My knees nearly buckled. "Carmila—step back."
"Adrian—"
"Now!"
She stumbled away just as the ground trembled. A deep rumble shook the chamber, cracks spidering through the marble like lightning frozen mid-strike.
Outside, distant and muffled, came the groan of the world itself. Towers shuddered. I felt it through the magic of the place—through the bloodlines tied to this Archive. The continent trembled.
The monolith blazed red. Shadows bled from its edges like liquid night, drawn toward me. The seal beneath my chest burned white-hot, veins of light searing across my skin.

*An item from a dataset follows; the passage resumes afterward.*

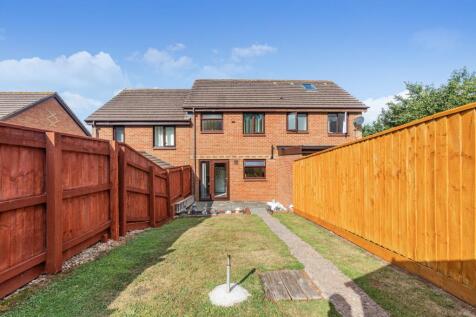 A04 - 29 Merlin Way, Torquay - 250724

Caged so long, the voice whispered, vast and ancient, every syllable vibrating through the bones of the world. You bring me to their cradle. You let me taste their blood again.
I fell to one knee. Images poured through me—worlds shattering, stars bleeding out into the void, oceans of ash devouring creation itself. Every heartbeat was another universe dying.
It was too much. Too vast. Too infinite.
Carmila's voice barely reached me. "Adrian! What is this?"
I forced my gaze up. She stood near the edge of the light, hair whipping in the wind that wasn't wind at all. The look in her eyes was half fear, half heartbreak.
She couldn't see it—the thing behind the light.
The seal pulsed again, and for one terrible instant I saw what it was holding back: a shape beyond shape, a presence older than matter. A wound in existence.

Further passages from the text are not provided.